A conference of a bunch of writers from around the world, I answered him. He showed great interests and asked many questions about writing, being a writer and reading. In turn, I asked my share of questions, and got his life story in twenty minutes. He was born in Romania, studied to become an engineer, married a woman he had always loved and had twin daughters with her. It was around this time that life under the reign of Nicolae Ceausescu (the leader of Romania from 1965 to 1989) became unbearable.
"You know how it goes with a communist country," the driver said, and I nodded in agreement. He and his wife, like many of his intellectual friends, found ways to leave Romania and eventually made it to America, where their twin daughters grew up like all the other American kids.
"They don't like to read. Only when a book is made into a movie do they become interested. And I say to them, see, I got my degree, I am old, but still I have a dictionary by my hand and read whenever I can. But they don't understand it."
I believed the driver: earlier in the morning, when I went to the coffee shop next door to buy a cup of coffee, I saw him waiting in his car in front of the hotel, reading.
Once I tutored a student from Belgrade. She told me that she had never loved reading until the war started and they had nothing to do but wait in their room for the bombs to drop onto their heads, and read.
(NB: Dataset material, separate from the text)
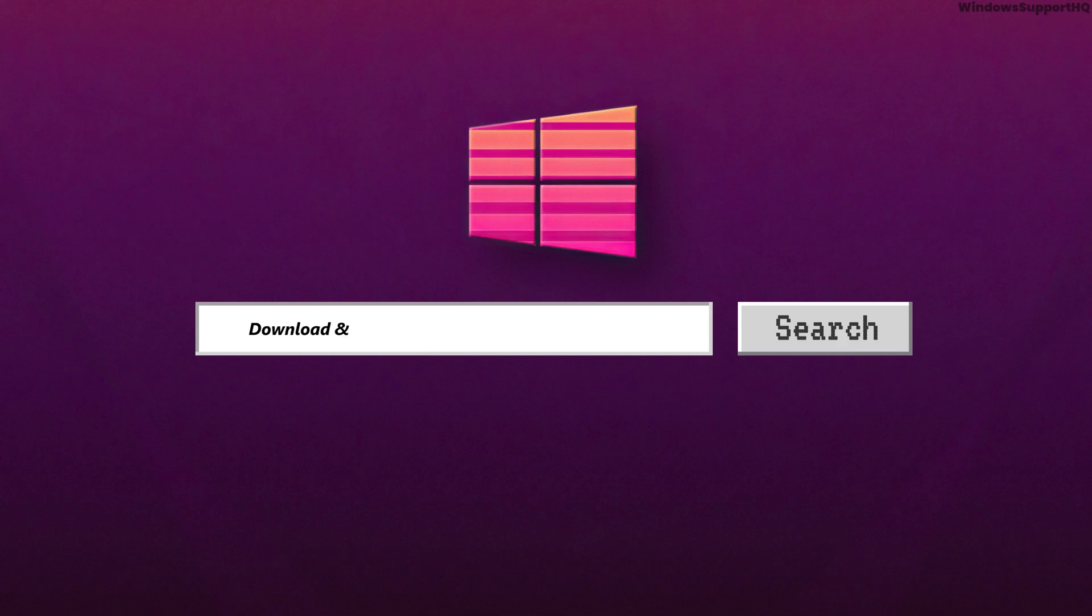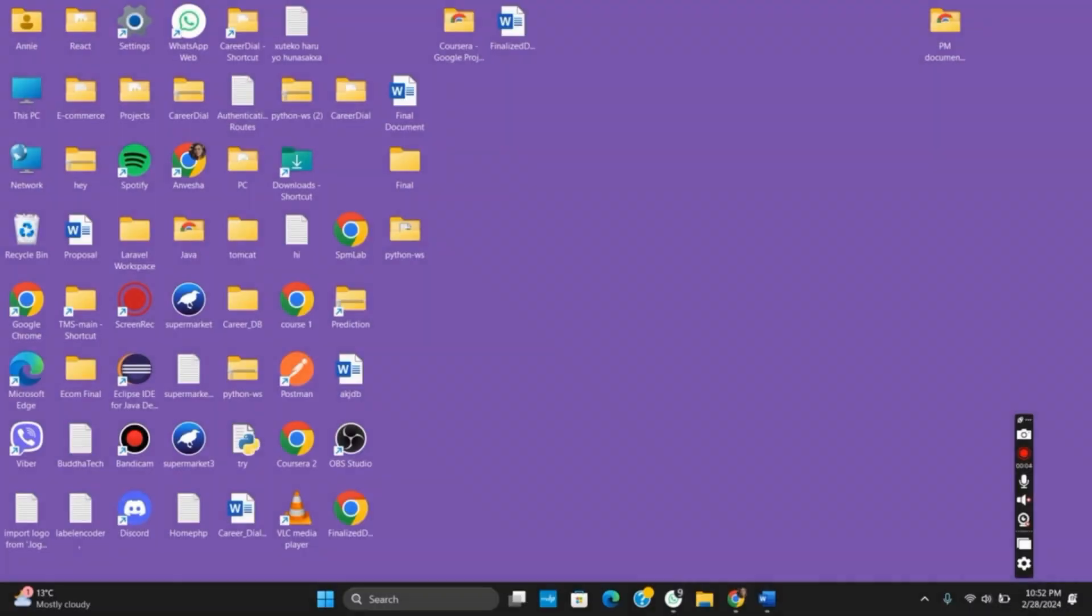How to download and install Processing IDE, which is an open source software on your Windows. Hello everyone and let's get started.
Yesterday I visited a friend and looked at some of her photographs. She is working on a project titled "becoming Americans" where she goes out to document the ceremonies in San Francisco where 1200 immigrants take the oath to become American citizens twice a month.
"It's a very emotional ceremony," the photographer said.
I looked at the faces in the prints, taken at one of the most important moments of their lives, and imagined the day when I would become an American citizen, if that day ever comes. If it is a journey to become an American citizen, what would we give up to reach the destination, and what would we bring with us that we could never imagine giving up?
Thanks so much for reading. This will be my last post on POV Borders: American ID's Border Talk.